Bachelor of Music in Composition candidate, Annabella Cervero, was admitted as one of sixteen emerging composers to partake in the Saint Mary’s College Summer Composition Intensive in South Bend, Indiana this past summer. The Summer Composition Intensive consisted of twelve days of presentations, workshops, and lessons in different topics including Texture: Depth in Music, Joining Music Cultures, and Balancing Architecture and Emotion.
Q: Why were you interested in attending the Summer Composition Intensive?
Dr. Glancey introduced the idea to me. He thought attending an event such as this would help improve my composition skills and prepare me for graduate school. We found this particular composition intensive at St. Mary’s College through “The Composer’s Site”.

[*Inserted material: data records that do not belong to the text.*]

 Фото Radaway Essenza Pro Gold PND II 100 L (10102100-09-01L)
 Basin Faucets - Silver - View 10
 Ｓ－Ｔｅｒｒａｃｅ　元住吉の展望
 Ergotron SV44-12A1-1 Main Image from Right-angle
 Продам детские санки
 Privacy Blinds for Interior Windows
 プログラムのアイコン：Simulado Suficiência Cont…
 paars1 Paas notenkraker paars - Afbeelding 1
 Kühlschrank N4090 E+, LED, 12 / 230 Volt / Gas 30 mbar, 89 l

Q: How would you describe your overall experience?
I had a wonderful experience. I learned so much about composition, networking, and the reality of what life is like as a professional composer. I also met many amazing people. As the only composition major at Vanguard, I don’t really have the opportunity to collaborate with other composers very often. It was so refreshing to be surrounded by other composers for two weeks in Southbend, IN.

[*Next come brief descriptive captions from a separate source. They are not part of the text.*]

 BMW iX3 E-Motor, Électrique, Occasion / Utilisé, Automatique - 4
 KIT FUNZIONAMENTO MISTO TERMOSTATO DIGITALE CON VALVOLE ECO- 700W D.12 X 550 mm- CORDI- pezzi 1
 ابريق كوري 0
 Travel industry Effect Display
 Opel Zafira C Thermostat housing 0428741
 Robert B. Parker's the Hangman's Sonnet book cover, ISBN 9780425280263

Q: Out of all of the different presentations and workshops you attended, which one stood out to you the most? Why?
I thought that every workshop and masterclass I attended was beneficial. I was most inspired by the workshop with Dr. Paul Salerni on the topic of art songs. However, the workshops that were most beneficial to my growth as a composer were the workshops with Dr. P.Q. Phan. The topics of his workshops forced me to get out of my comfort zone and compose in ways I had never tried before. For example, I have not spent much time researching or writing opera yet in my compositional studies, and in one workshop, I was given a project that required me to research, analyze, and compose an operatic monologue for a dramatic soprano in less than 24 hours. On another occasion, I had project that required me to abandon all of my musical intuition and compose a piece completely based on numbers. For this assignment, we were also encouraged not to use any instruments while generating our material, or even listen to the piece until it was completed. This was particularly challenging for me, because I am usually very auditory in my composing process, and I like using a piano when I am in the process of notating my ideas onto paper. This project forced me to really hone in on my written and aural theory skills to produce a completely technical piece.
Q: What do you think was the biggest lesson you learned while you were there?
In addition to all of the great lessons I learned about the art of composition, I also learned about the importance of networking and relationships in the music industry. Who you know is just as important as what you know. The composition intensive gave me a reality check on how challenging it is to make a living as an academic composer, and that you have to be willing to be flexible and versatile. Almost everyone who makes a living as a composer also teaches or performs in some capacity. Nevertheless, everyone I spoke to said that it was worth it. The key is loving what you do.
Furthermore, because there was such a wide range of age, experience, and skill level among the participants of the intensive, I had the opportunity to learn about grad school programs as well. It was a nice way to get me thinking about the near future.